Almonds were even mentioned as part of Edgar Cayce’s health readings. Edgar Cayce was an American who claimed to be a psychic with the ability to answer questions on subjects such as health among other topics. Mentions of almonds in the Cayce readings fall into several categories: (1) as general sources of nutrition, (2) as sources of fats (in low or no meat diets), (3) as cancer/tumor preventatives, (4) as a skin lotion/therapy, (5) as a spiritual symbol. According to Cayce, two or three almonds a day would keep cancer away.

Almond-rich diet may prevent diabetes

A new study indicated that a nutritious diet, which includes almonds, could help regulate blood glucose level due to their high fiber content. Almonds could also help decrease LDL-cholesterol levels in people who suffer from pre-diabetes.
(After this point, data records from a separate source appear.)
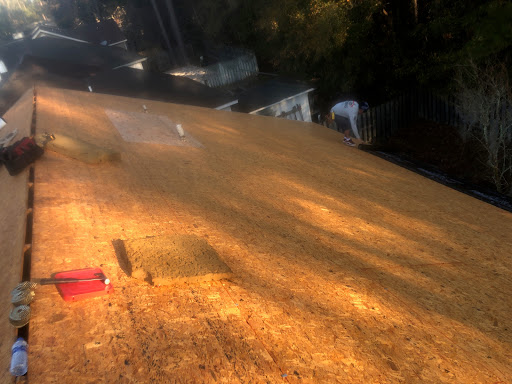 Roofing Contractor «JCB Roofing LLC», reviews and photos, 127 Jonesville Rd, Hilton Head Island, SC 29926, USA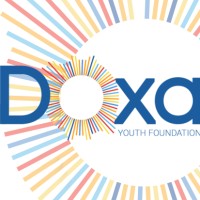 Doxa Youth Foundation (Australia) Logo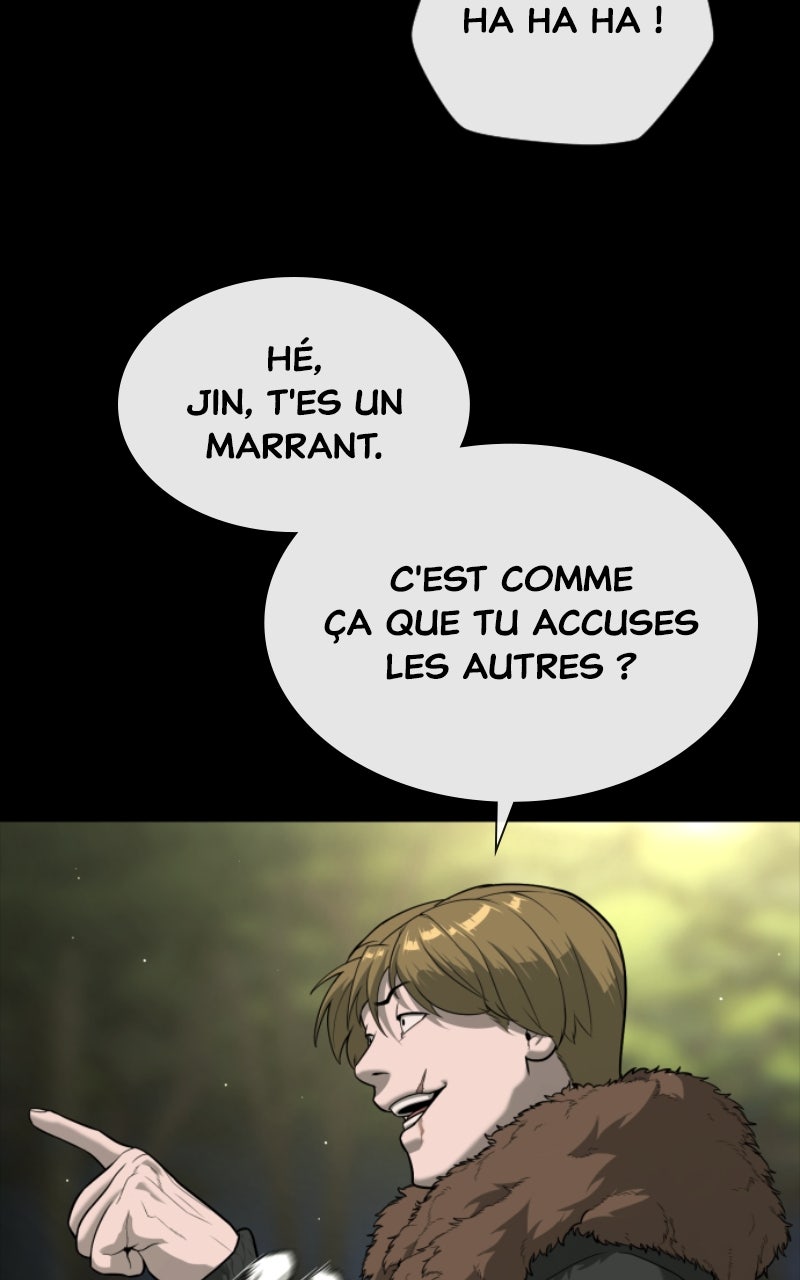 Read Killer Peter FR Manga Online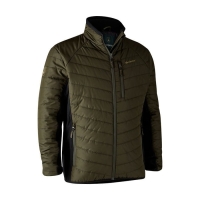 DEERHUNTER Moor Padded Softshell Yeşil Mont L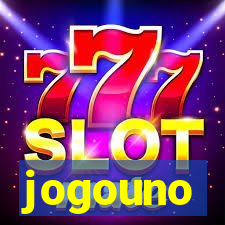 jogouno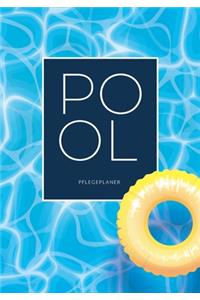 Pool Pflegeplaner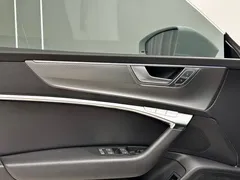 2023 Audi A7 45 TFSI, белый — фото 7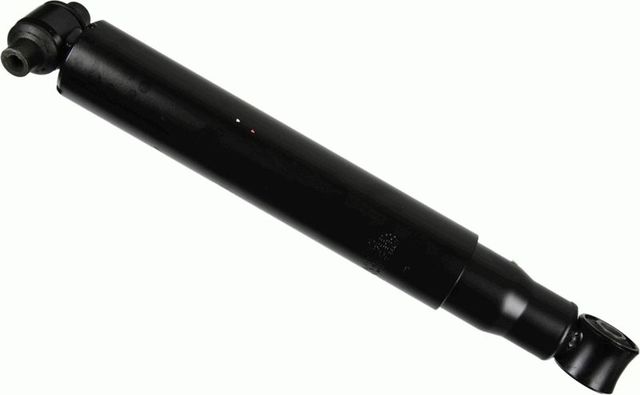 Амортизатор SACHS передний для Volvo  FL10 1985-1998. Артикул 125 514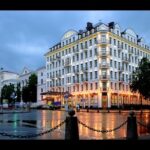 hotels in belarus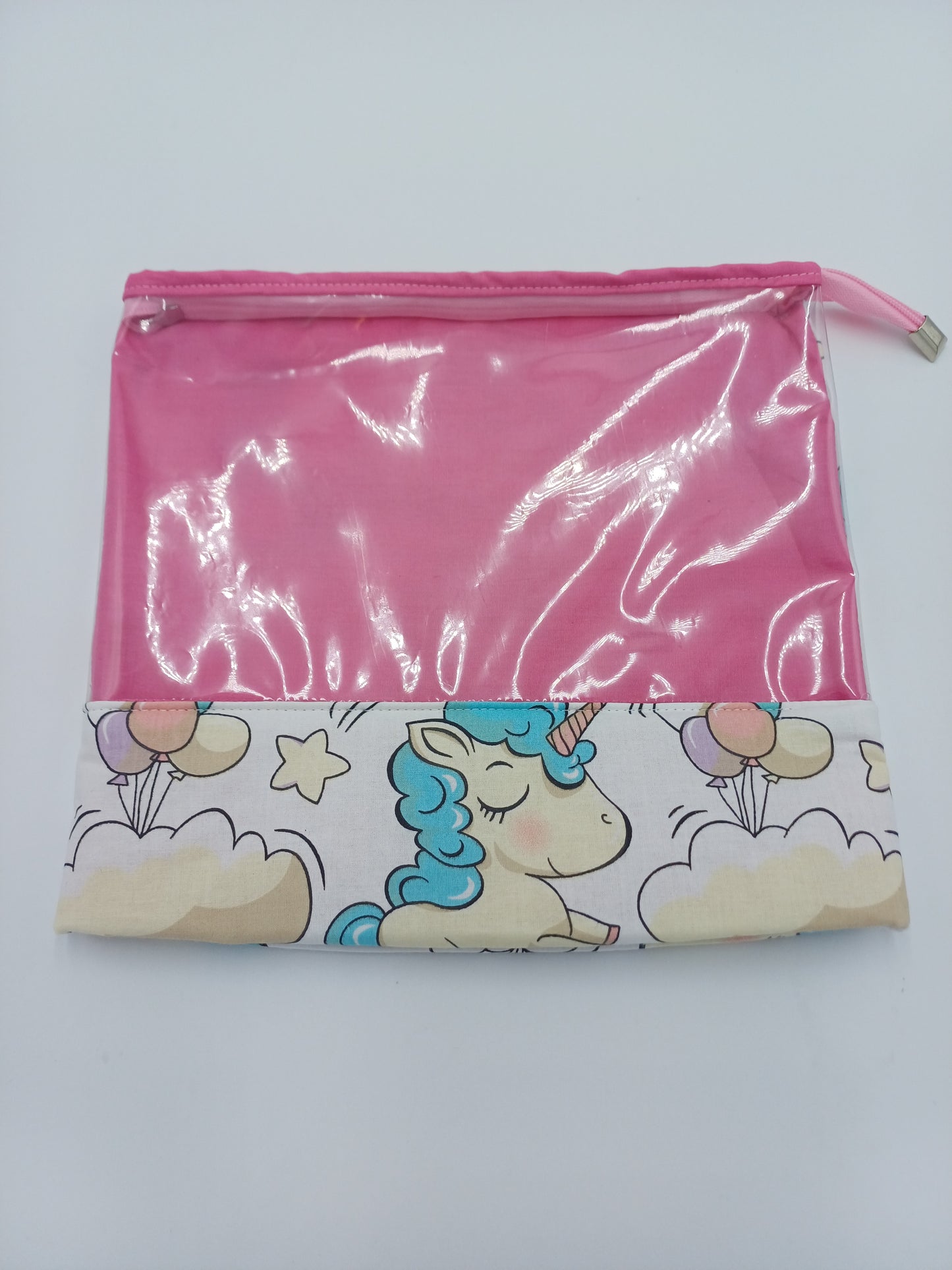 Clearbag Größe S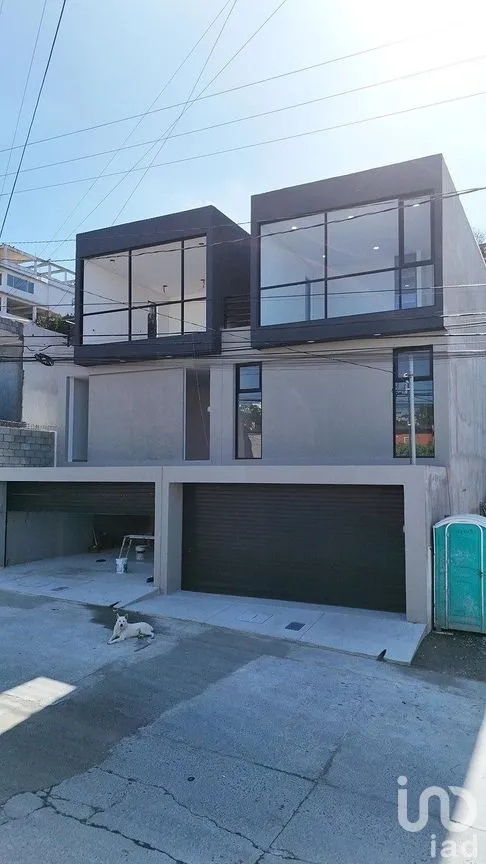 Casa en Venta en Jardines del Rubí, Tijuana, Baja California | NEX-290642 | iad México | Foto 13 de 13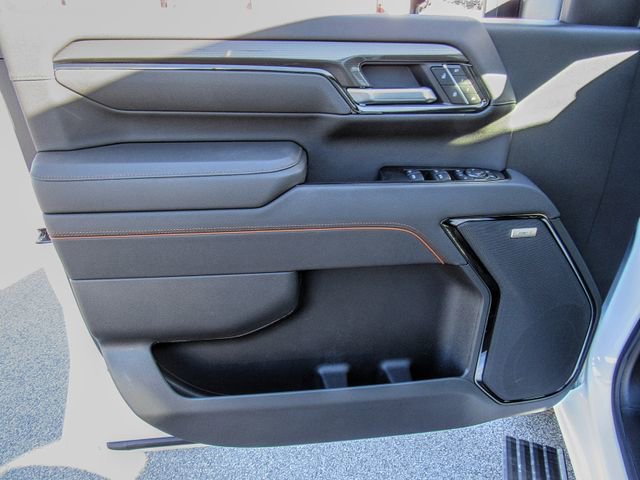 New 2026 GMC Sierra 2500 AT4 w/ AT4 Premium Plus Package image 14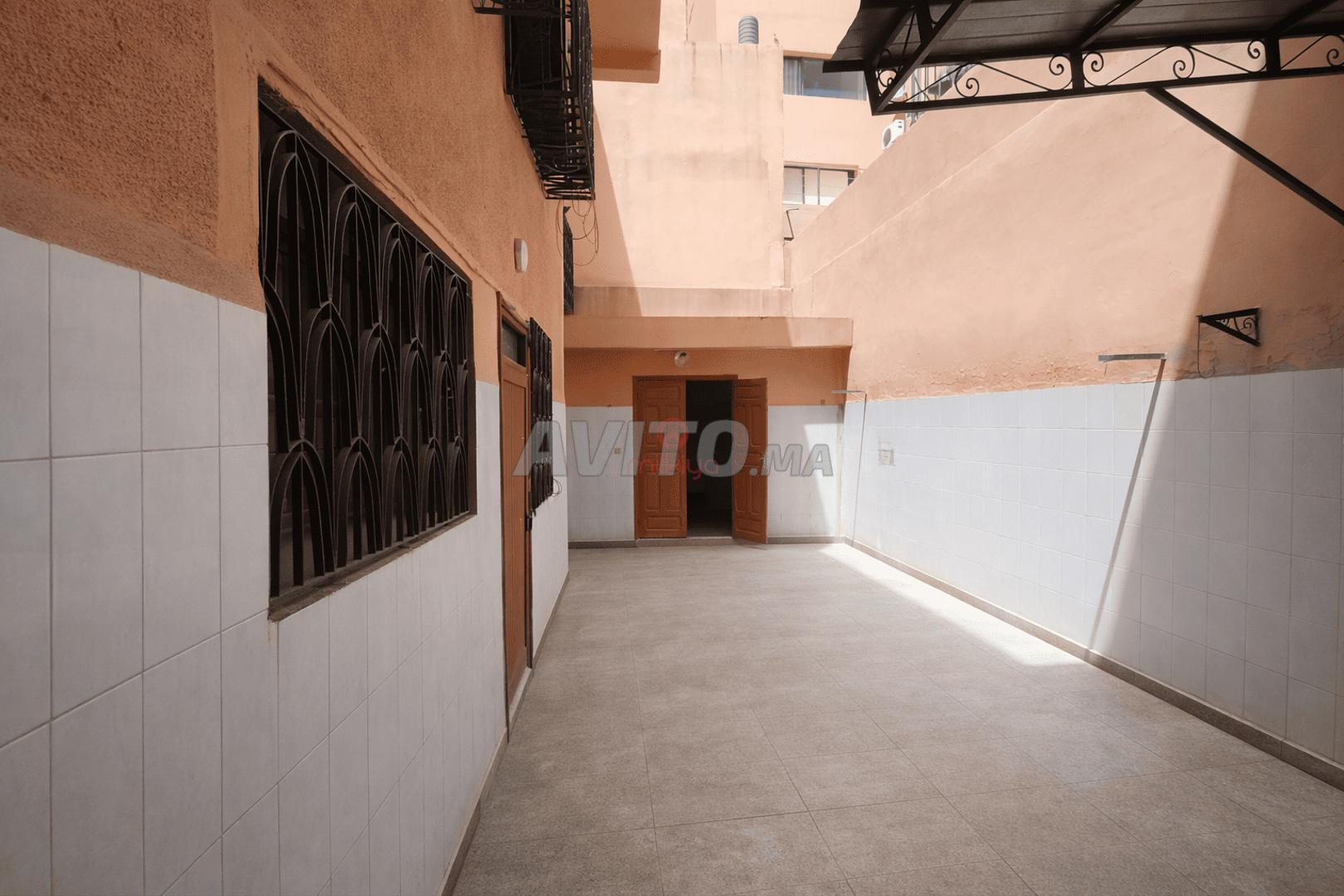 242 m² House for Sale in Marrakech — Photo 8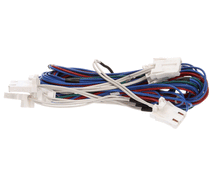 HUSSMANN 0406944 HARNESS-LIGHT CHANNEL 12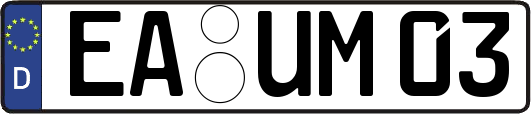 EA-UM03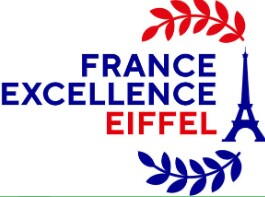 Logo Bolsas France Excellence Eiffel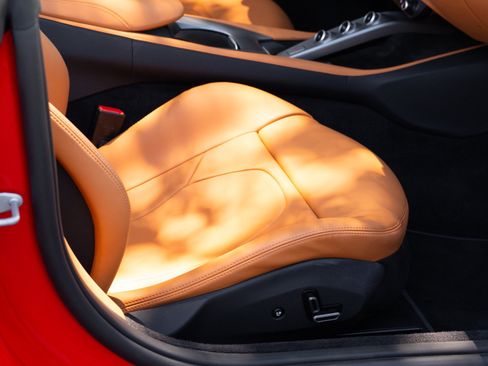 Used 2023 Ferrari Portofino M RWD image 61
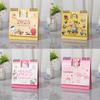 Cartoon Cute Funny Desk Calendar Creative Kawaii Planner Daily Monthly Agenda Desktop Small Ornament Office Supplies Gifts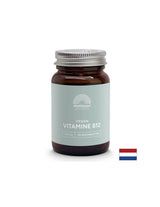 Živčni sistem - vitamin B12 (metilkobalamin), 1000 µg x 60 pasti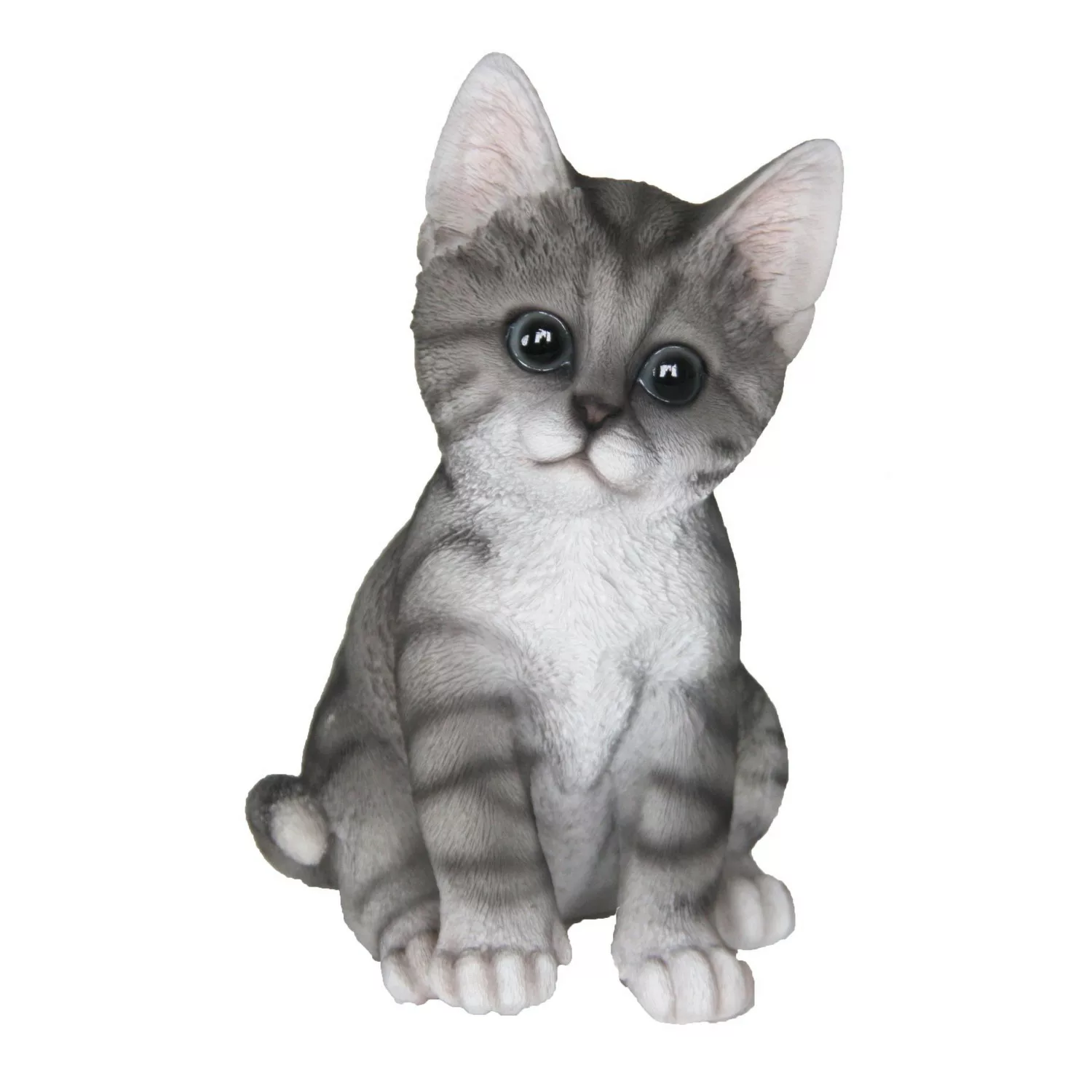Deko-Figur Katzenbaby 20 cm günstig online kaufen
The latter is a condition where people have higher than normal blood sugar levels but is not high enough to be classified as being diabetic.

During the course of this study, test subjects who consumed 20% of their calories from almonds showed significantly improved LDL-cholesterol levels and measures of insulin sensitivity – both major risk factors for heart disease and type 2 diabetes.  Almonds are high in calories, so caution should be noted if one is obese or overweight.

Nutrition Facts:

1 serving of dry roasted almonds (1 oz) contains:

  • 169 calories
  • Protein: 6.3 grams
  • Total fat: 15 grams (mostly monounsaturated)
  • Carbohydrates 5. 5. grams
  • Fiber 3.3 grams
  • Almonds are also high in vitamin E, calcium, riboflavin, magnesium, phosphorus, and iron

Almonds can be ground into meal and flour; almond meal is also used to make gluten-free products for people with celiac disease.  Almond meal can replace at least one quarter of flour in most recipes.

Almonds can be used in stir-fries, salads, baked products.  Almonds can also be ground into almond butter and used like peanut butter.